Server - Cache
Lavender Data caches yielded samples/batches to avoid redundant processing.
Cache Key
The cache key is a combination of the hashed iteration parameters and the indices of the samples/batches.
def hash(o: object) -> str: return hashlib.sha256(json.dumps(o).encode("utf-8")).hexdigest()
iteration_hash = hash({ "dataset_id": iteration.dataset.id, "batch_size": iteration.batch_size, "shardsets": [s.id for s in iteration.shardsets], "collater": iteration.collater, "filters": iteration.filters, "preprocessors": iteration.preprocessors,})
cache_key = hash({ "iteration_hash": iteration_hash, "indices": indices,})

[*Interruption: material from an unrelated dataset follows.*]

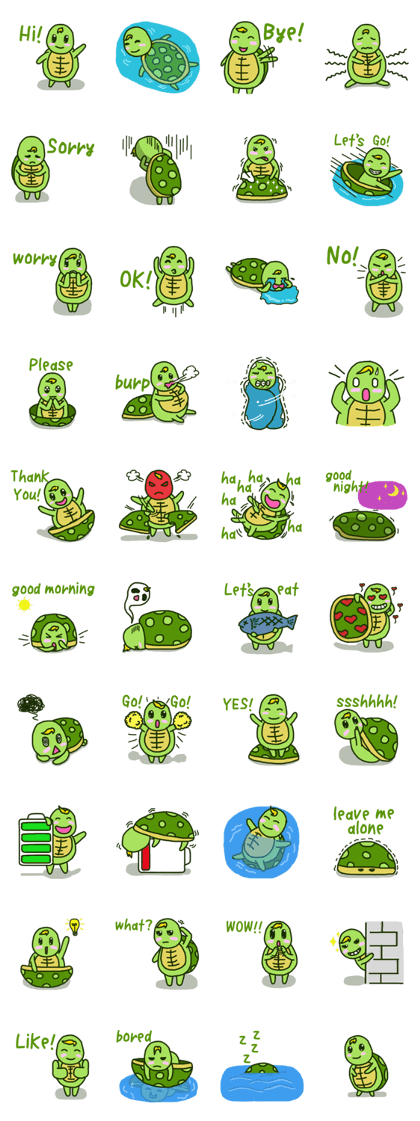 Pretty Little Turtle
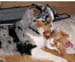 Mid-august Pinja nursing Thyra1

Please refer to the source code for more details.
TTL
Cache entries are deleted after a certain time to live (TTL).
You can set the TTL with the LAVENDER_DATA_BATCH_CACHE_TTL
environment variable, in seconds.
export LAVENDER_DATA_BATCH_CACHE_TTL=300 # 300 seconds
Default value is 5 minutes (300 seconds).
Ignoring Cache
You can ignore caches and reprocess the data by setting the no_cache
parameter to True
on creating the iteration instance.
iteration = Iteration.from_dataset( dataset_id=dataset.id, shardsets=[shardset.id], no_cache=True,)
Cache location
Cache is stored in the memory of the server by default.
To support prefetching from the client side, caching can not be disabled. If you want to scale out the server to multiple machines or processes, you can use Redis as a cache backend.
Install the redis
extra and set LAVENDER_DATA_REDIS_URL
environment variable to the desired Redis URL.
pip install lavender-data[redis]
export LAVENDER_DATA_REDIS_URL=redis://localhost:6379/0
If the server does not have enough memory, consider using Redis or setting a smaller TTL.